Streisand and Kristofferson. Image via The Telegraph.

To the non-musical theatre nerd, this film may look like a novel release with a fresh take for the genre. In fact, this is the third remake of the original 1937 film of the same name. With Judy Garland at the head, the 1954 remake was immensely successful in weaving music into the story with melodic Gershwin creations. A permed Barbra Streisand and shaggy-headed Kris Kristofferson carry the 1976 version drenched in retro camp and fashion.

The overarching plot line of the film follows the path set out by its predecessors of a musician fostering a young performer’s rise to fame, but the atmosphere of substance abuse and a fraught relationship gives the story a certain edge that the earlier films lacked.

Judy Garland in “A Star is Born” (1954). Image via

“A Star is Born” is Cooper’s directorial debut and one of the first major big-screen roles Gaga has taken on. The challenge brought out the best in these celebrities, pushing their most innovative work. Although not released in theaters yet, the movie has received widespread critical acclaim for acting and artistic vision.

Cooper adopts a Johnny Cash like gravelly voice as Jackson Maine, an aging musician in the throws of alcohol addiction. After meeting Gaga’s character, Ally, he sees her potential and their relationship blossoms alongside her on-stage presence. The initial apprehensive nature between the two characters grows to intense connection throughout the film, showcasing something truly beautiful.


“Talent comes everywhere, but having something to say and a way to say it so people listen to it, that’s a whole other bag. And unless you get out there and you try to do it, you’ll never know.”


Almost the entire soundtrack is original music written by Gaga herself or associated writers, and is recorded live. There are a few nods to the past versions, with “Somewhere Over the Rainbow” making an appearance. A vivid 34 songs round out the film, each stripping down the flashy movie musical trope to reveal something unique and vulnerable.


Image via Variety

There have been few songs released for the movie yet, holding out until it hits theaters on October 5th. The sole track that has been released and clear favorite of the film is “Shallow”.

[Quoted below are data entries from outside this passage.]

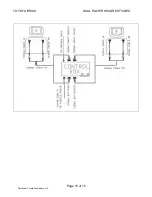 Предварительный просмотр 15 страницы Toyota Prius 2011 Installation Manual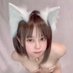 めろんぱん🍈 (@meronpan_158) Twitter profile photo めろんぱん🍈 (@meronpan_158) Twitter profile photo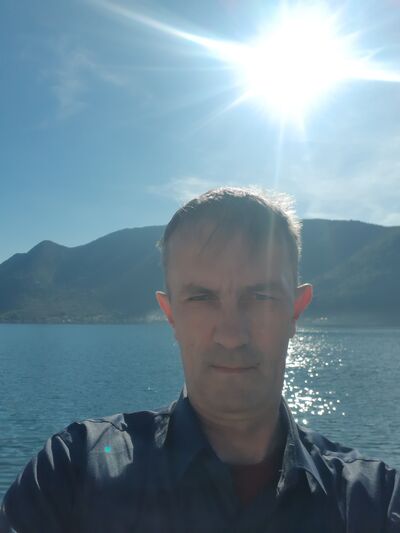  ,   , 55 ,     , c 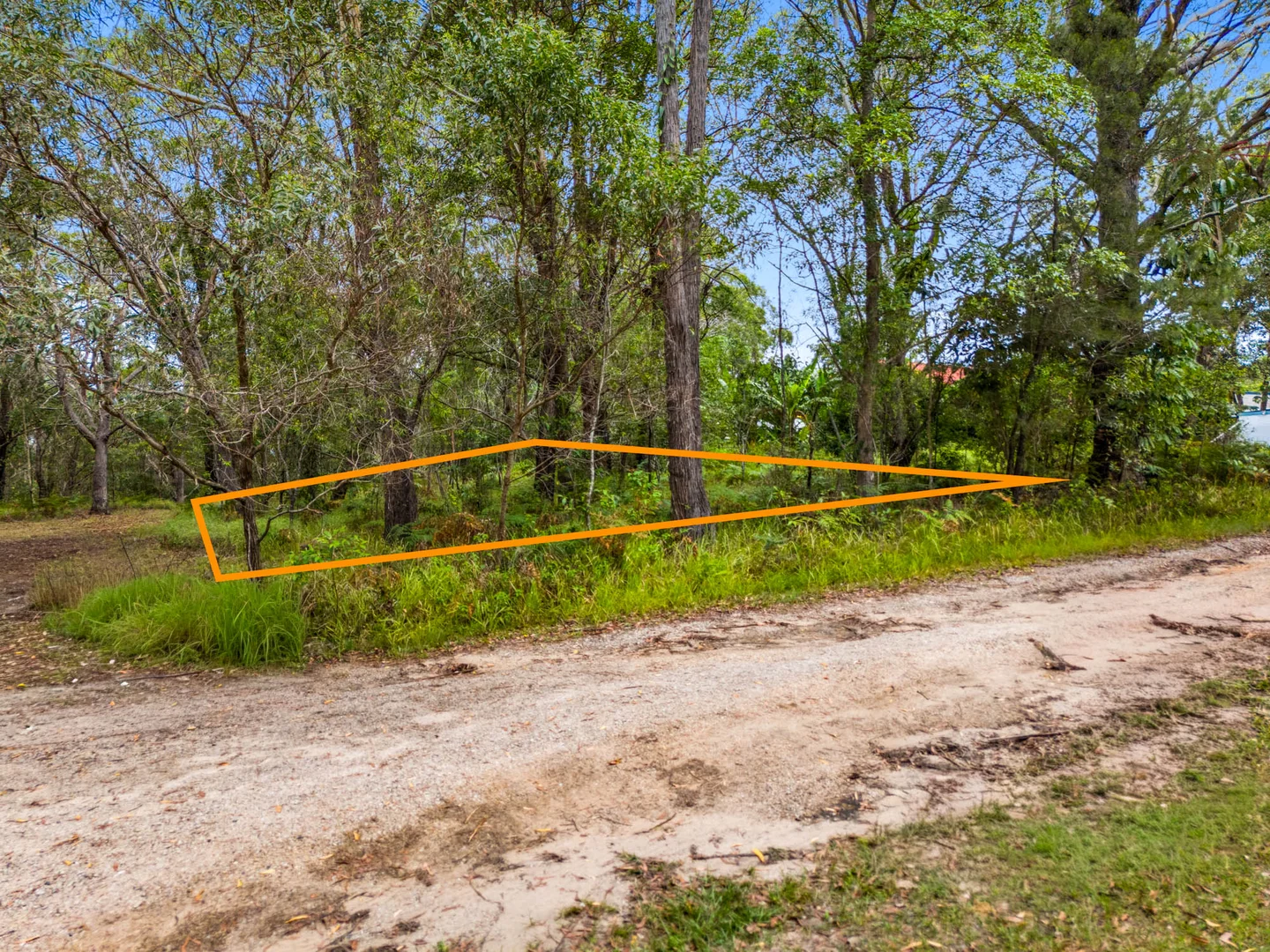 Additional image 6 of 6 Abalone Avenue, Russell Island QLD 4184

“Shallow” takes the listener on a journey from its solemn opening guitar chords to Gaga’s soulful build at the conclusion. The song starts with Cooper crooning the effortless melody and then passes the helm to Gaga, who belts out the chorus of the song, wielding power and emotion. With rock n’ roll and country roots in its orchestrations, the boundaries of genre in movie musicals are successfully pushed by “Shallow.”

If “Shallow” is any indication, the soundtrack is sure to be a tour de force of passion and lyrical boldness. Classic movie musicals will always have a special place in my heart for their theatricality and fun, but the exploration of narrative and musical style has me thrilled for the upcoming release of “A Star is Born”.